Steven Emory

Personal information
- Full name: Steven Emory
- Date of birth: August 31, 1989 (age 36)
- Place of birth: Fort Collins, Colorado, United States
- Height: 6 ft 2 in (1.88 m)
- Position: Midfielder

Youth career
- 2007: Colorado Rapids
- 2007–2010: Metro State Roadrunners

Senior career*
- Years: Team / Apps / (Gls)
- 2010: Real Colorado Foxes / 13 / (1)
- 2011: Colorado Rapids / 0 / (0)
- 2012: Kraft / 26 / (9)
- 2013: Real Colorado Foxes / 3 / (0)
- 2014: Kraft

= Steven Emory =

American soccer player

Steven Emory (born August 31, 1989, in Fort Collins, Colorado) is an American soccer player.

==Career==

===Youth, college and amateur===
Emory began his career at Fort Collins High School in 2005 where he was named Second Team All-State pick in 2005, First Team All-State selection and First Team All-Front Range, and a Three-year letter winner.
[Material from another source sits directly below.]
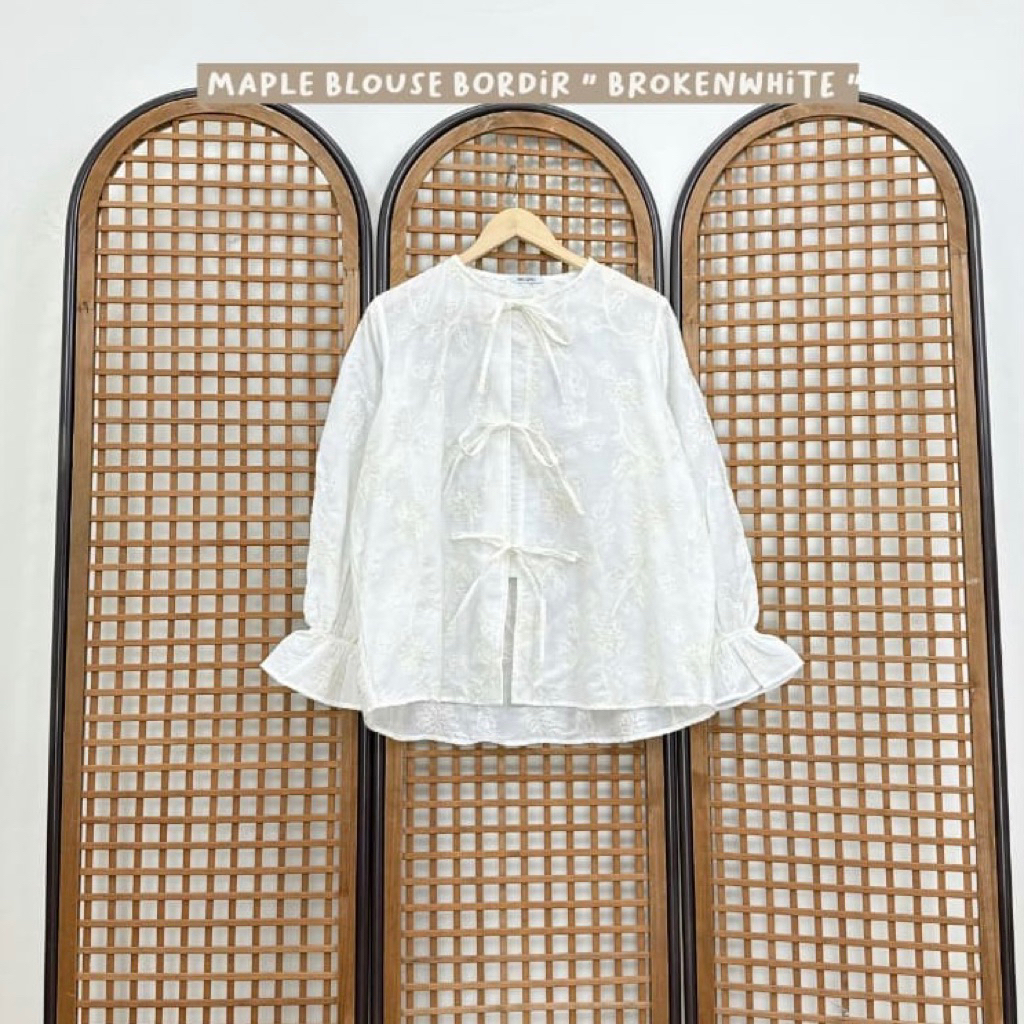 LOCANA LABEL MAPLE BLOUSE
After spending the summer of 2007 with the Colorado Rapids youth system, Emory played four years of college soccer at Metropolitan State University of Denver where he scored 38 goals, and registered 23 assists in 85 games played, leading the Roadrunners to four winning seasons and two NCAA tournament appearances. He was awarded back to back player of the year awards.
2009 Daktronics second team All-America
2009 NSCAA first team All-Central Region
2009 Daktronics Central Region Player of the Year
2009 Daktronics first team All-Central Region
2009 RMAC All-Tournament
2009 RMAC Player of the year
2009 first team All-RMAC
2009 RMAC Offensive Player of the Week (Oct. 20)
2009 RMAC Preseason Player of the Year
2008 NSCAA first team All-West Region
2008 Daktronics second team All-Central Region
2008 second team All-RMAC
2008 RMAC All-Tournament

While in College, Emory also spent 2010 with the Real Colorado Foxes in the USL Premier Development League.

Emory was inducted into the Athletic Hall of Fame in 2019.

===Professional===
In January 2011, Emory was discovered by the Colorado Rapids and invited to preseason camp as a non-roster player. On March 2, 2011, Emory became the first Metro State student-athlete to sign a contract with a major professional team in any sport by signing with the Colorado Rapids of Major League Soccer.

Emory made his professional debut on March 30, 2011, in a Lamar Hunt US Open Cup game against Chicago Fire.

Emory's contract was released by Colorado on March 22 and picked up by Narpes Kraft in Finland in April, 2012.